Task instructions
Omit all pictures and transcribe only the lines in the entries below that run from the line with "Modern, high-tech new" through the line with "Table Plus Games".

Data in this exercise
══════

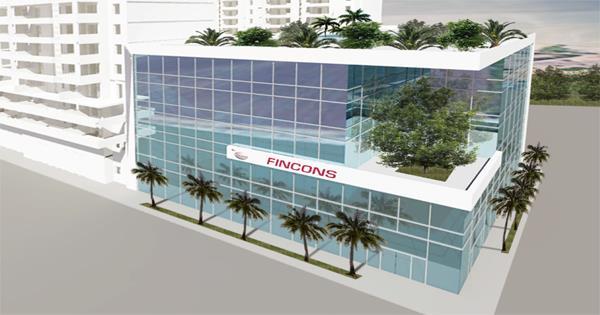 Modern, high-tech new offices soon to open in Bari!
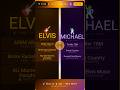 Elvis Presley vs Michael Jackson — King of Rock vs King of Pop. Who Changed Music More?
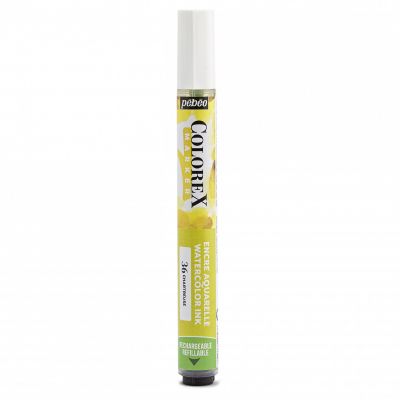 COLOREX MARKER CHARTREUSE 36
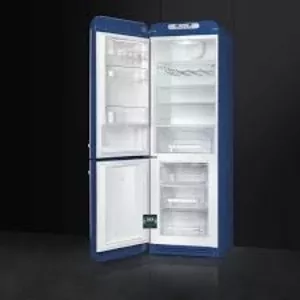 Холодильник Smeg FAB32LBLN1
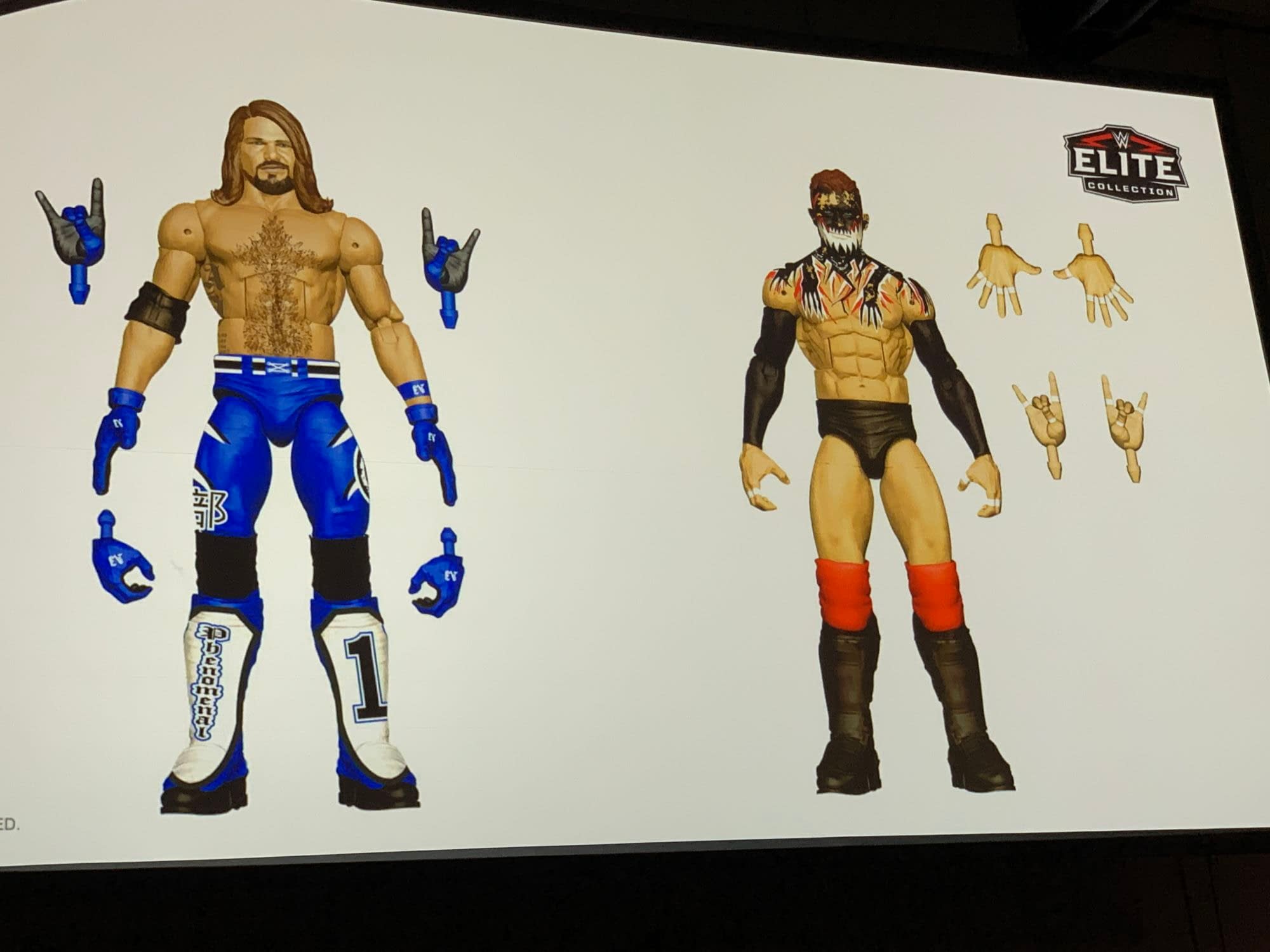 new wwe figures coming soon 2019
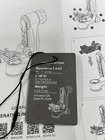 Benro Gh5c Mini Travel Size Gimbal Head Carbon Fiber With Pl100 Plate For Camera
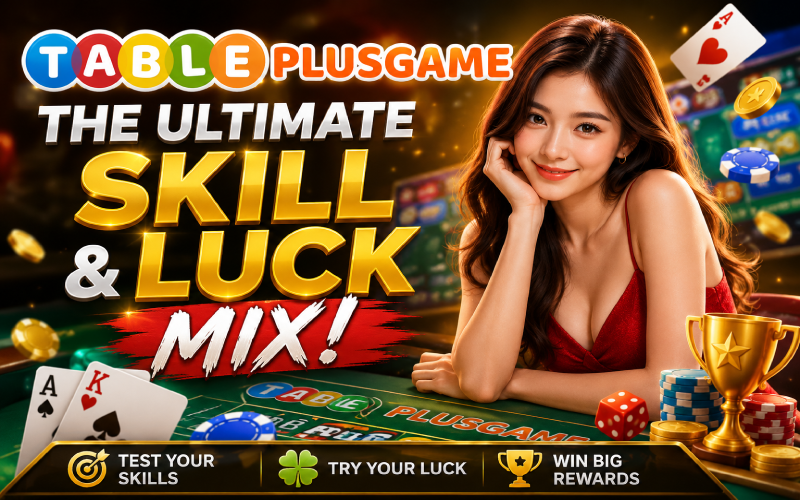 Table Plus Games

══════

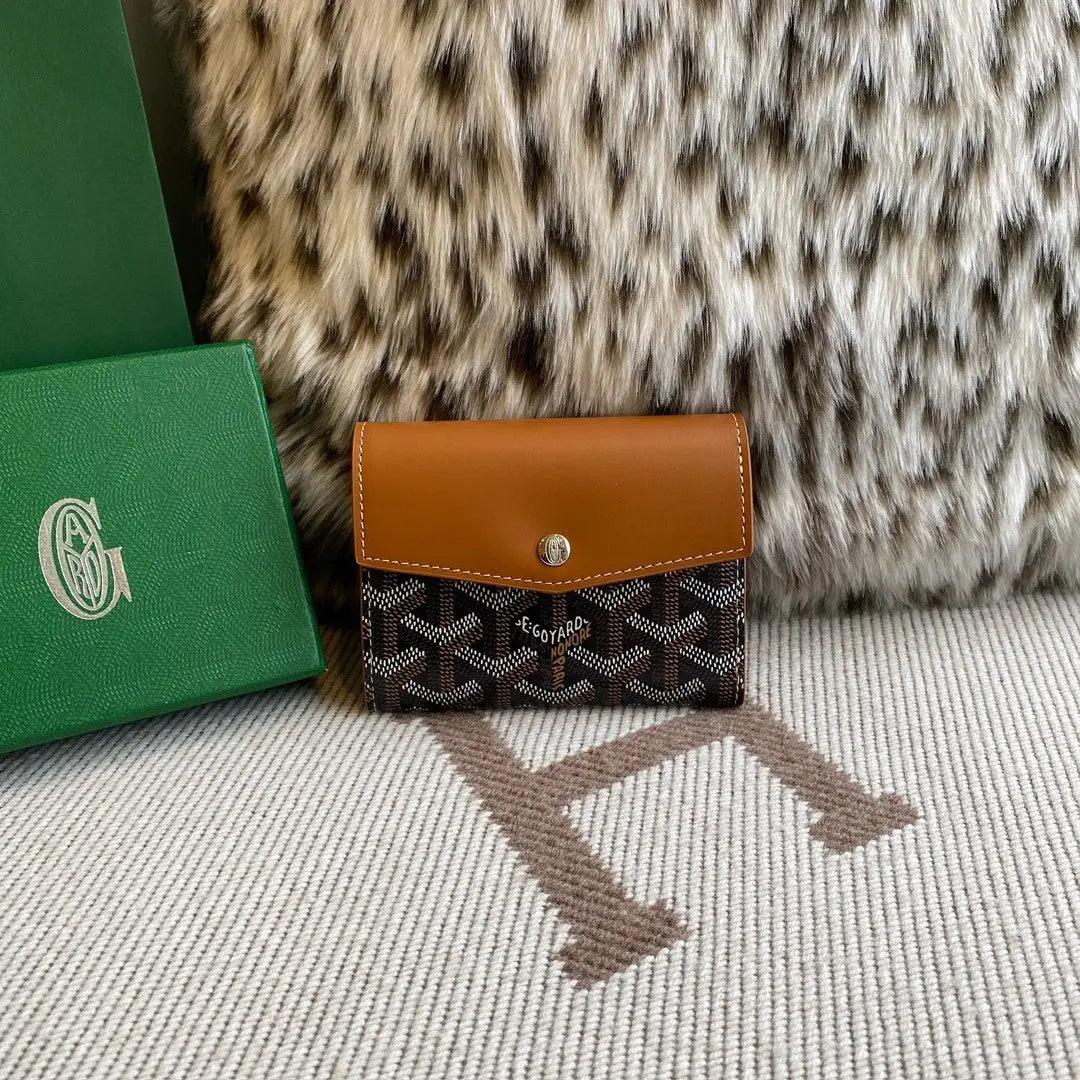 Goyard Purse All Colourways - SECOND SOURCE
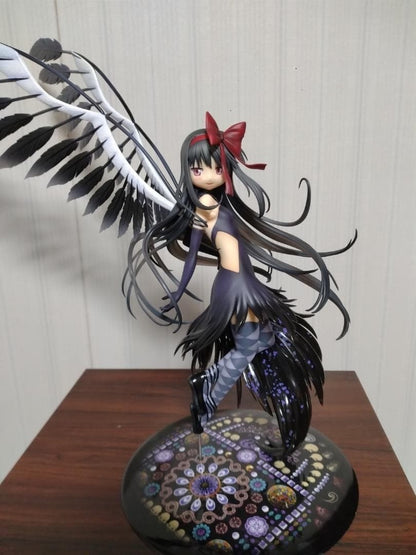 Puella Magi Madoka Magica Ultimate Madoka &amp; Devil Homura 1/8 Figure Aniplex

══════

Result for this exercise
 Modern, high-tech new offices soon to open in Bari!
 Elvis Presley vs Michael Jackson — King of Rock vs King of Pop. Who Changed Music More?
 COLOREX MARKER CHARTREUSE 36
 Холодильник Smeg FAB32LBLN1
 new wwe figures coming soon 2019
 Benro Gh5c Mini Travel Size Gimbal Head Carbon Fiber With Pl100 Plate For Camera
 Table Plus Games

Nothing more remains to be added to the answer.